START EXERCISE DATA

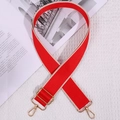 Verstellbarer Ethno-Taschengurt in Rot und Beige gewebt mit goldenen Karabinerhaken - Rot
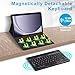 MORECOO for Samsung Galaxy Tab A9 Plus Case with Keyboard 11 inch 2023 (SM-X210/X216/X218), A9 Plus Tablet Case with Detachable Wireless Keyboard, Black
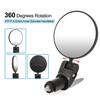Bar End Bike Mirrors, HD Wide Angle Bicycle Rear View Mirrors, 360 Dregree Adjustable Rotation Handlebar Convex Mirror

END EXERCISE DATA

Excluding pictures, reproduce the listing above exactly as it stands.

 Verstellbarer Ethno-Taschengurt in Rot und Beige gewebt mit goldenen Karabinerhaken - Rot
 MORECOO for Samsung Galaxy Tab A9 Plus Case with Keyboard 11 inch 2023 (SM-X210/X216/X218), A9 Plus Tablet Case with Detachable Wireless Keyboard, Black
Bar End Bike Mirrors, HD Wide Angle Bicycle Rear View Mirrors, 360 Dregree Adjustable Rotation Handlebar Convex Mirror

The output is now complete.